During that time, enrolled members of the Osage Indian nation were among the wealthiest people per capita in the world. The rich oil fields beneath their reservation brought millions of dollars into the tribe annually, distributed to tribal members holding "headrights" that could not be bought or sold but only inherited. This vast wealth attracted the attention of unscrupulous whites who found ways to divert it to themselves by marrying Osage women or by having Osage declared legally incompetent so the whites could fleece them through the administration of their estates.

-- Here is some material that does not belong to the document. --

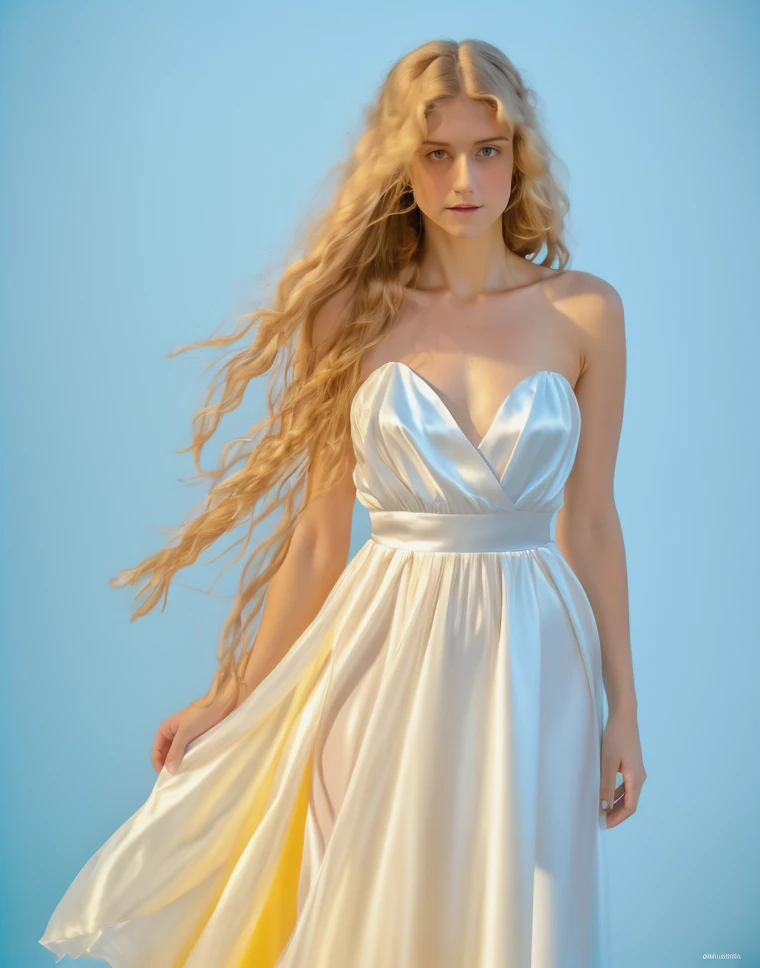 RAW photo, subject, 8k uhd, dslr, high quality, film grain, Fujifilm XT3, professional photo, (detailed skin:1.3), high quality, (yellow light), woman, (high contrast), full body,  <lora:Yellow_Light:0.75> ,   bare shoulders, light blue background, satin dress, pastel colors, long hair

For some, however, these deceptive tactics were not enough, and a plague of violent death—by shooting, poison, orchestrated automobile accident, and bombing—began to decimate the Osage in what they came to call the "Reign of Terror." Corrupt and incompetent law enforcement and judicial systems ensured that the perpetrators were never found or punished until the young J. Edgar Hoover saw cracking these cases as a means of burnishing the reputation of the newly professionalized FBI. Bestselling New Yorkerstaff writer Grann (The Devil and Sherlock Holmes: Tales of Murder, Madness, and Obsession, 2010, etc.) follows Special Agent Tom White and his assistants as they track the killers of one extended Osage family through a closed local culture of greed, bigotry, and lies in pursuit of protection for the survivors and justice for the dead. But he doesn't stop there; relying almost entirely on primary and unpublished sources, the author goes on to expose a web of conspiracy and corruption that extended far wider than even the FBI ever suspected. This page-turner surges forward with the pacing of a true-crime thriller, elevated by Grann's crisp and evocative prose and enhanced by dozens of period photographs.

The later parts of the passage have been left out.